* [WHAT TO PRODUCE]: Produce word for word the lines of the data below running from the one that has "Cold laser doesn't" to the one that has "These mega cabs", inclusive, and no others.

* [RECORDS SUPPLIED]:
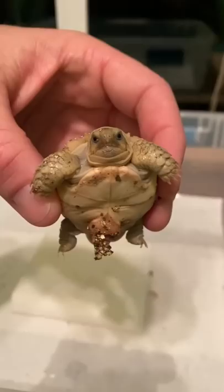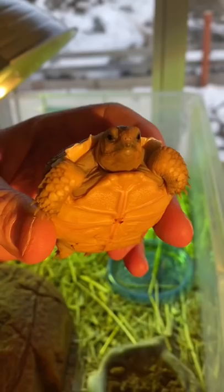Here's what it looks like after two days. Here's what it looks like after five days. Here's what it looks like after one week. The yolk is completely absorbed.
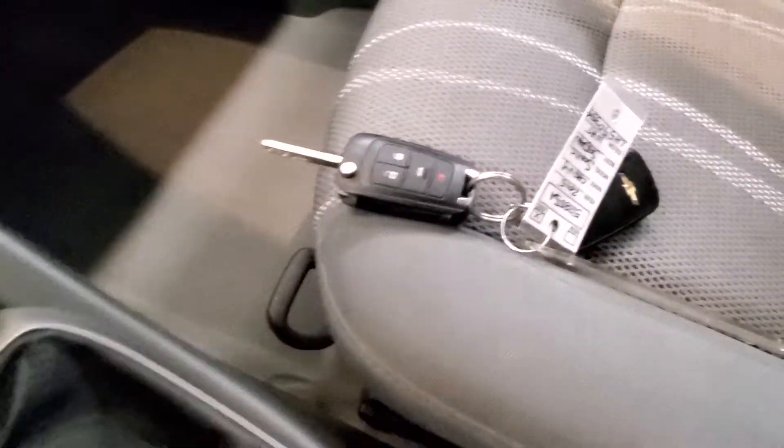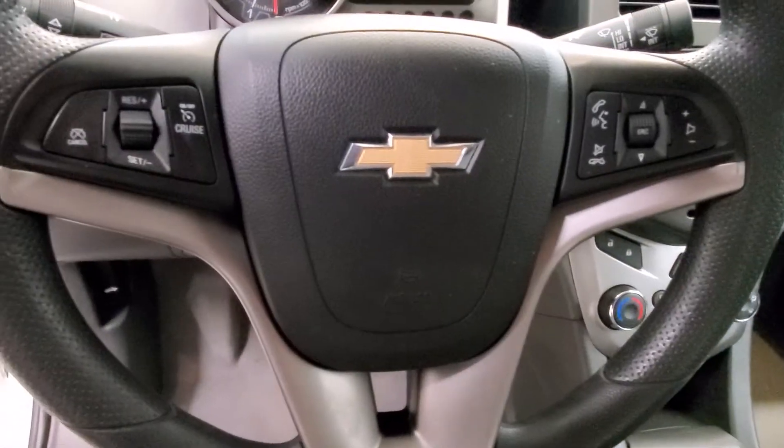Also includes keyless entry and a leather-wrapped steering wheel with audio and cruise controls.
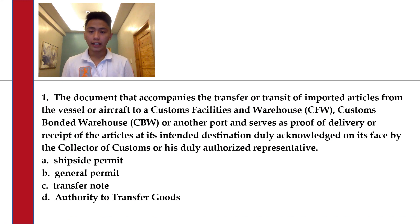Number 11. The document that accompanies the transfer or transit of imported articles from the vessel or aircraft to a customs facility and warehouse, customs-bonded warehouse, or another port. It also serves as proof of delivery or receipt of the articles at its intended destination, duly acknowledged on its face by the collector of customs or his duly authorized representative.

--

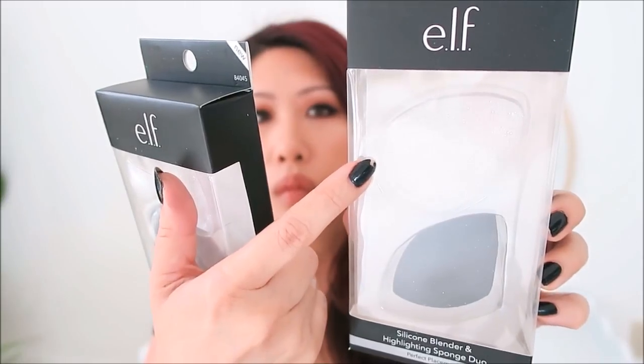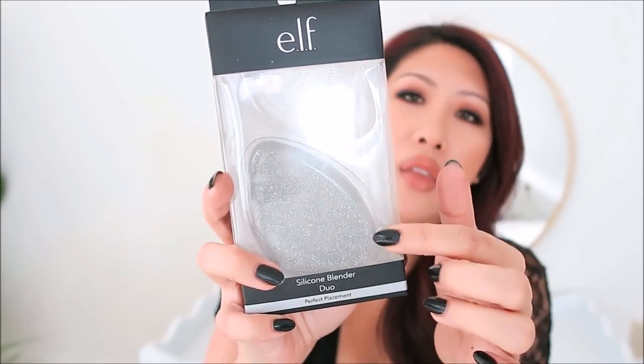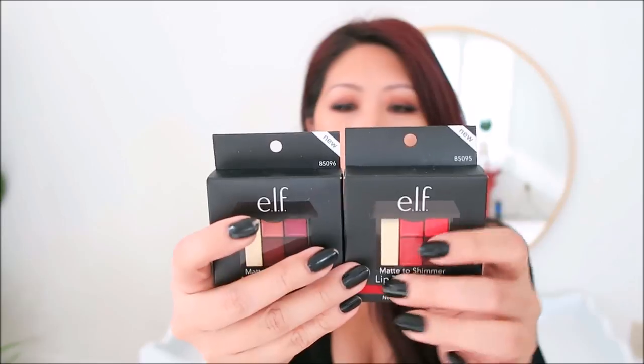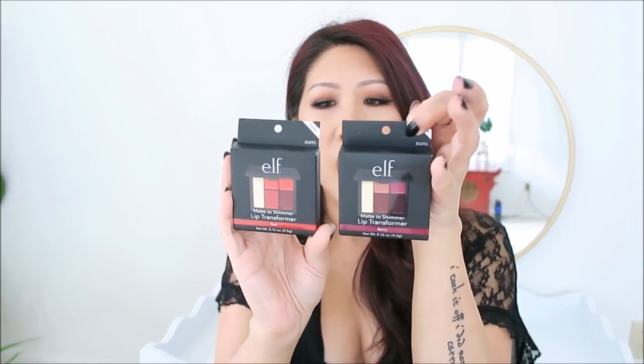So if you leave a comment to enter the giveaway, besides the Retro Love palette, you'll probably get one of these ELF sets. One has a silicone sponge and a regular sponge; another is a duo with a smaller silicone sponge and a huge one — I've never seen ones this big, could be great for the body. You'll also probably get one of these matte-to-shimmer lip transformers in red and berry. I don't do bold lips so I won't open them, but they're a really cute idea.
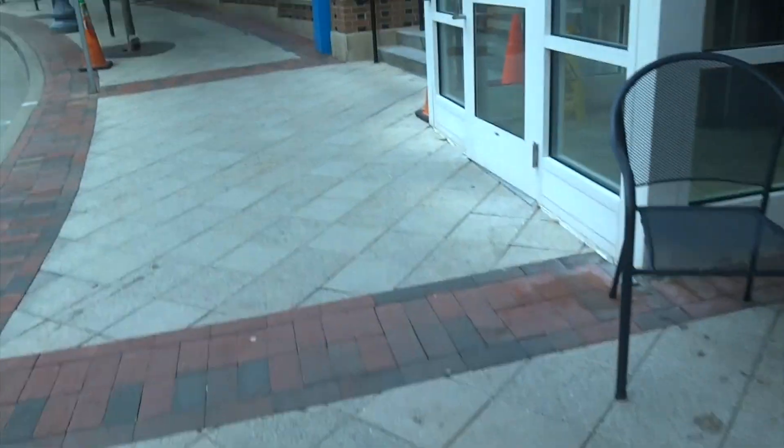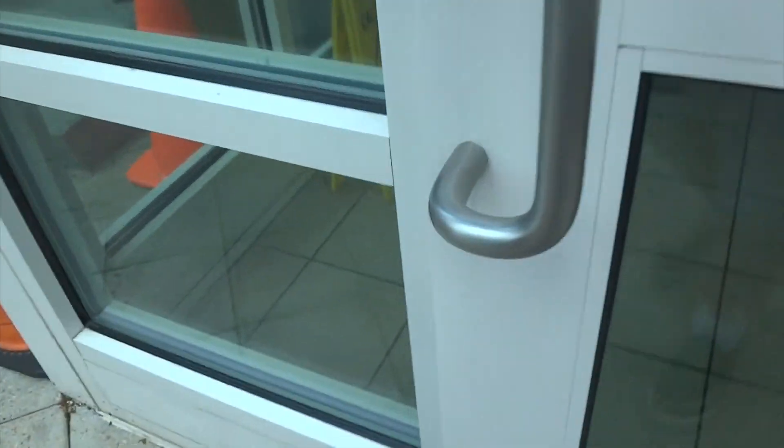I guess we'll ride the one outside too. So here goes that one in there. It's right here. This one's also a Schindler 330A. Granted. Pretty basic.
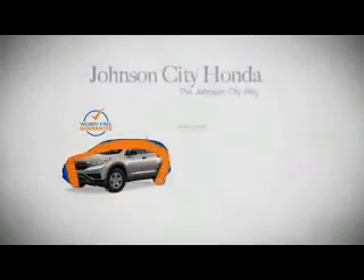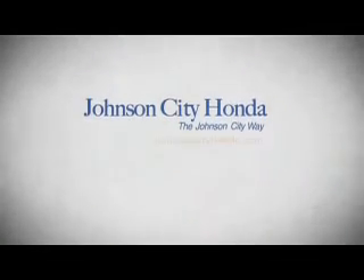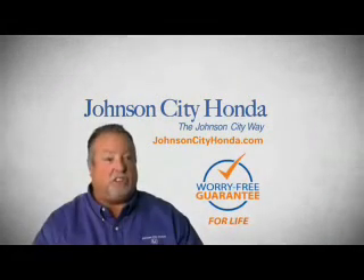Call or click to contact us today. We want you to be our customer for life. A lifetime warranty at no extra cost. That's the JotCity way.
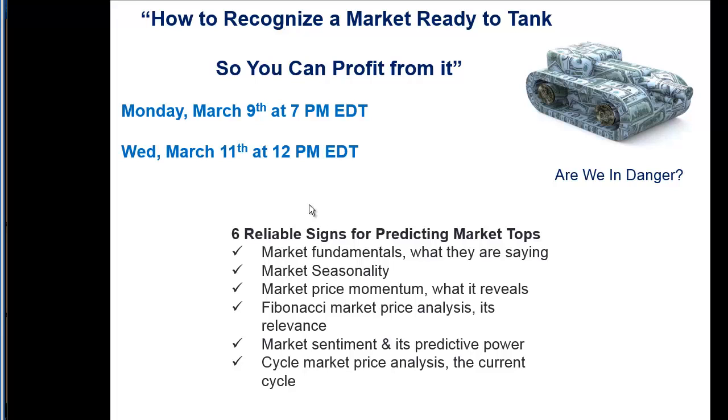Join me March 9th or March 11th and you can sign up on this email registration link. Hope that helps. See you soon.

* * *

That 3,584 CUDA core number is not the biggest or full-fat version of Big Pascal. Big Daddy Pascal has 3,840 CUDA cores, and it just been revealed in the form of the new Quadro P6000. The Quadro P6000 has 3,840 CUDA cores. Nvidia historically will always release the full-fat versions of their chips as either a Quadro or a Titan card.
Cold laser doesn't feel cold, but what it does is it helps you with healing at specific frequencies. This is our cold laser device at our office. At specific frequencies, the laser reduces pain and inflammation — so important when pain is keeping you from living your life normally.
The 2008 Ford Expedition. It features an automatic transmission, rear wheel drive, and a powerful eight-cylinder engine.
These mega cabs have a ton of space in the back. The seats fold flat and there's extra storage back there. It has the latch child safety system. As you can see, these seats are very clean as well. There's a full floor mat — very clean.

* [EXERCISE ANSWER]:
Cold laser doesn't feel cold, but what it does is it helps you with healing at specific frequencies. This is our cold laser device at our office. At specific frequencies, the laser reduces pain and inflammation — so important when pain is keeping you from living your life normally.
The 2008 Ford Expedition. It features an automatic transmission, rear wheel drive, and a powerful eight-cylinder engine.
These mega cabs have a ton of space in the back. The seats fold flat and there's extra storage back there. It has the latch child safety system. As you can see, these seats are very clean as well. There's a full floor mat — very clean.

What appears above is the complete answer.